→ Given data
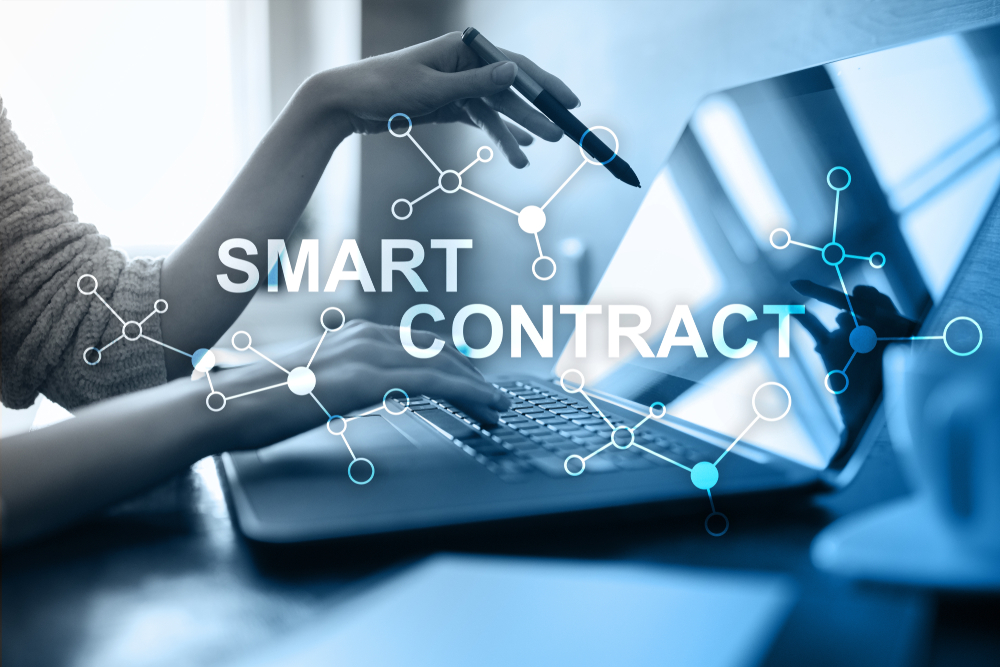 Smart contract, blockchain in modern business technology.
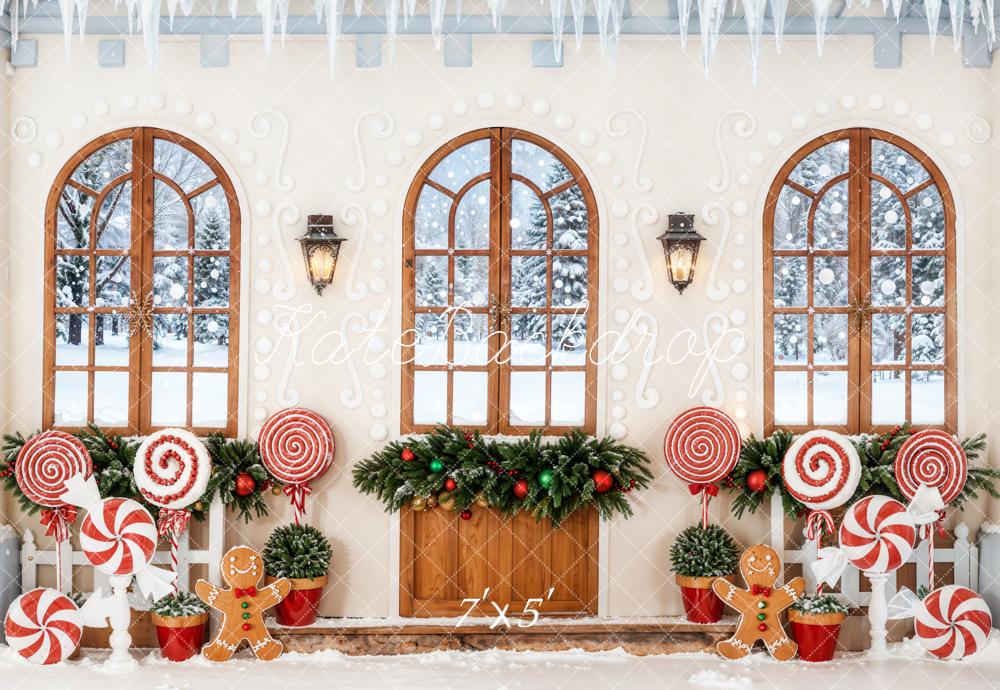 Kate Christmas Gingerbread Windows Candy Canes Backdrop Designed by Emetselch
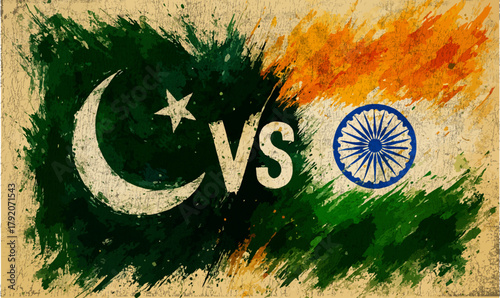 Pak vs Ind, Grunge Brushstroke Flag Design, Pakistan vs India flag, Pak India artwork, abstract rivalry art, grunge patriotic design, distressed flag painting, paint splatter texture, sports, 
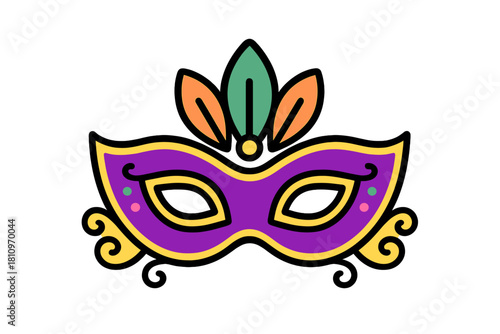 Ornate purple and gold carnival mask with decorative feathers and elegant scrollwork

→ Problem requirements
Set the material down exactly, images excluded.

→ Output of the task
 Smart contract, blockchain in modern business technology.
 Kate Christmas Gingerbread Windows Candy Canes Backdrop Designed by Emetselch
 Pak vs Ind, Grunge Brushstroke Flag Design, Pakistan vs India flag, Pak India artwork, abstract rivalry art, grunge patriotic design, distressed flag painting, paint splatter texture, sports, 
 Ornate purple and gold carnival mask with decorative feathers and elegant scrollwork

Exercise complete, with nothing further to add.